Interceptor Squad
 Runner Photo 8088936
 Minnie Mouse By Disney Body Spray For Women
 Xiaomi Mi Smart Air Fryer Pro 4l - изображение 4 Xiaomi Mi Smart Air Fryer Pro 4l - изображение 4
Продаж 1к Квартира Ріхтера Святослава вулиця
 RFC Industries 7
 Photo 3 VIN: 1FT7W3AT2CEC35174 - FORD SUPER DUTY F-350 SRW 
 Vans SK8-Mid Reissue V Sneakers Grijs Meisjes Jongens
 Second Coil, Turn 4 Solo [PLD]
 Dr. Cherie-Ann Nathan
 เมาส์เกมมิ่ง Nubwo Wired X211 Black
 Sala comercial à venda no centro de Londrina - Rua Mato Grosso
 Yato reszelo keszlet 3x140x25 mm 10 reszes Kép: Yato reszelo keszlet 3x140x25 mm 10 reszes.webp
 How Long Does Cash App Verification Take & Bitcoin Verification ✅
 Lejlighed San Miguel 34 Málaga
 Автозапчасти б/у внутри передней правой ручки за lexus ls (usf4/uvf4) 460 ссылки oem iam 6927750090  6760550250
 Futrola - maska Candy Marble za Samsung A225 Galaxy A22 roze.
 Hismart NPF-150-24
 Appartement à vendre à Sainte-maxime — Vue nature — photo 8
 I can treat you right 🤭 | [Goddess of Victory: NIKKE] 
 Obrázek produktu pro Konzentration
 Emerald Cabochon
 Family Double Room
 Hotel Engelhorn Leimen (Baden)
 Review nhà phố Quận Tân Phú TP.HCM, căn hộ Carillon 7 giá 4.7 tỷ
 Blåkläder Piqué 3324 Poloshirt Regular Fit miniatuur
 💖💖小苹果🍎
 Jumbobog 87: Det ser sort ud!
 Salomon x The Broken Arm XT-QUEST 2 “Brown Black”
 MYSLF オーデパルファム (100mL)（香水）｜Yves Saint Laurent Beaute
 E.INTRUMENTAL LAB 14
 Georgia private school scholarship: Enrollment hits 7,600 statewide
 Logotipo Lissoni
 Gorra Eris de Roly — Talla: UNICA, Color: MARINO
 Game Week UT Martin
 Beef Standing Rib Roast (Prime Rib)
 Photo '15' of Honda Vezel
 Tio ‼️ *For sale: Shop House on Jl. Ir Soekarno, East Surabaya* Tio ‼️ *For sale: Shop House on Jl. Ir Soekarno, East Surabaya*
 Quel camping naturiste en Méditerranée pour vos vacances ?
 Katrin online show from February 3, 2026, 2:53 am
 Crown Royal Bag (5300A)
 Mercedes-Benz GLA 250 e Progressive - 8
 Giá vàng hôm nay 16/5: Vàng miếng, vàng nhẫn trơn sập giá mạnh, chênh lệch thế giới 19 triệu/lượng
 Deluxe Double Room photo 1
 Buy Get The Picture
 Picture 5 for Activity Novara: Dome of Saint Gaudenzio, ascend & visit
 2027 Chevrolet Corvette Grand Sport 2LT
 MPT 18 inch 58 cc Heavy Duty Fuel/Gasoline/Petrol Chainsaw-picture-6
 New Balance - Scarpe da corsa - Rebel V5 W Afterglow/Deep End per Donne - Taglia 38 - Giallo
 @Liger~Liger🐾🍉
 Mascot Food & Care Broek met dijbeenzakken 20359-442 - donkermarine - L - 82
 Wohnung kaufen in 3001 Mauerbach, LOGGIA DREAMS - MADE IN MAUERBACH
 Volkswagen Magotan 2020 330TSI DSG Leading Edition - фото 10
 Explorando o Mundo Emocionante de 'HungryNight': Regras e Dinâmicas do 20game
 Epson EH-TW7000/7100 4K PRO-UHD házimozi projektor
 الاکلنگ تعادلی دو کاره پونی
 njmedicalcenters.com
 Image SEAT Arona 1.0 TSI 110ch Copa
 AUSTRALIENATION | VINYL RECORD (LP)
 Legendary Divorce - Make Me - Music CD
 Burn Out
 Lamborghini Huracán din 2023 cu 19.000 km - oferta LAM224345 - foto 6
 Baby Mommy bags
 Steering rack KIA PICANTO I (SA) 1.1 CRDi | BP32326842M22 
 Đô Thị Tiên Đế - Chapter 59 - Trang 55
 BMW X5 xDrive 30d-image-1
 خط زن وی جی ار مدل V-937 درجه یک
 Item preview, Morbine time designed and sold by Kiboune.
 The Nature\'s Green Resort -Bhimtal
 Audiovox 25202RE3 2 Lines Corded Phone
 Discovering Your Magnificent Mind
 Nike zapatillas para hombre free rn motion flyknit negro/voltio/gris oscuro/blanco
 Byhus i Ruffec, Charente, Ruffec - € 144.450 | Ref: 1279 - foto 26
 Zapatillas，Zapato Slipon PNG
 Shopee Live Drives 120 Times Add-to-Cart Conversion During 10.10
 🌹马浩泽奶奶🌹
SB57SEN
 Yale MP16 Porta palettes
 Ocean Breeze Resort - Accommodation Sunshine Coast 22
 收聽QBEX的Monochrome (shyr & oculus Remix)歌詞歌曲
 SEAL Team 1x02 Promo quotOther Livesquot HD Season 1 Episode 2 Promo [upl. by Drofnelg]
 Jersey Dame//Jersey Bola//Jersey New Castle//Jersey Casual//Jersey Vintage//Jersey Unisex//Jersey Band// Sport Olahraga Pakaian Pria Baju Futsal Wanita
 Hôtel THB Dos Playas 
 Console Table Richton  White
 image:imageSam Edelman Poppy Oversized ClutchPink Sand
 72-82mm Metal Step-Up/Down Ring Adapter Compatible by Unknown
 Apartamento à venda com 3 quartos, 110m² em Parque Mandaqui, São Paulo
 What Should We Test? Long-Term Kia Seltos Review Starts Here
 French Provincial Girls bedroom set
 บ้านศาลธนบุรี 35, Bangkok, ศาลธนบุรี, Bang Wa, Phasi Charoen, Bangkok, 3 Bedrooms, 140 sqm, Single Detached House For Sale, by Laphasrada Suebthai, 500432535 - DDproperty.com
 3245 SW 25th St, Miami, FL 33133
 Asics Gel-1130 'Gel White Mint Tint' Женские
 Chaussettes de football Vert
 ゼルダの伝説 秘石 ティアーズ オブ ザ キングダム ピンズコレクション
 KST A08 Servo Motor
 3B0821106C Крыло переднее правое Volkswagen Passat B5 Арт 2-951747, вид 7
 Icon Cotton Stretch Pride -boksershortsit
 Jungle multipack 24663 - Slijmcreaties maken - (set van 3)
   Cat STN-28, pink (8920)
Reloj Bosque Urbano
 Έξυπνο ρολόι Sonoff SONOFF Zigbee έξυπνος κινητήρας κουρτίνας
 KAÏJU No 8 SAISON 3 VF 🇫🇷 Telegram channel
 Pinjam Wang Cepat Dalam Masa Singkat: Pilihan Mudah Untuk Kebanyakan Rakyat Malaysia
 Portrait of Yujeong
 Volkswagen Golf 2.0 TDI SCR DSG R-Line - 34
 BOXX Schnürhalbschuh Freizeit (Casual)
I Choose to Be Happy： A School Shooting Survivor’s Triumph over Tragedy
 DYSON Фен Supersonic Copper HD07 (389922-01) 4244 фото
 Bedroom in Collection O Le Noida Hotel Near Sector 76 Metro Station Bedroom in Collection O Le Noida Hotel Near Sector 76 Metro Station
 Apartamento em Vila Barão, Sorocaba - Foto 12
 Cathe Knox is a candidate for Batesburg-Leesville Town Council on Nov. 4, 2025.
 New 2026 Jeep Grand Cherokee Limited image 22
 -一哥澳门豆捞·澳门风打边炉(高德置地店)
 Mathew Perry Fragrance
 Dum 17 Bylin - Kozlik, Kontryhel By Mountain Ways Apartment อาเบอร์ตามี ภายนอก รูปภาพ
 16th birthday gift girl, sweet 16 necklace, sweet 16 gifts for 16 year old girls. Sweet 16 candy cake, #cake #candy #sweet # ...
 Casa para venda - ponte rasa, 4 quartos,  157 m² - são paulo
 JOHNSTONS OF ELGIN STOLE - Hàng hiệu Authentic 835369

- [YOUR ASSIGNMENT]: From the records above, pull out every line containing the word "фото".

- [RESPONSE]:
 Volkswagen Magotan 2020 330TSI DSG Leading Edition - фото 10
 DYSON Фен Supersonic Copper HD07 (389922-01) 4244 фото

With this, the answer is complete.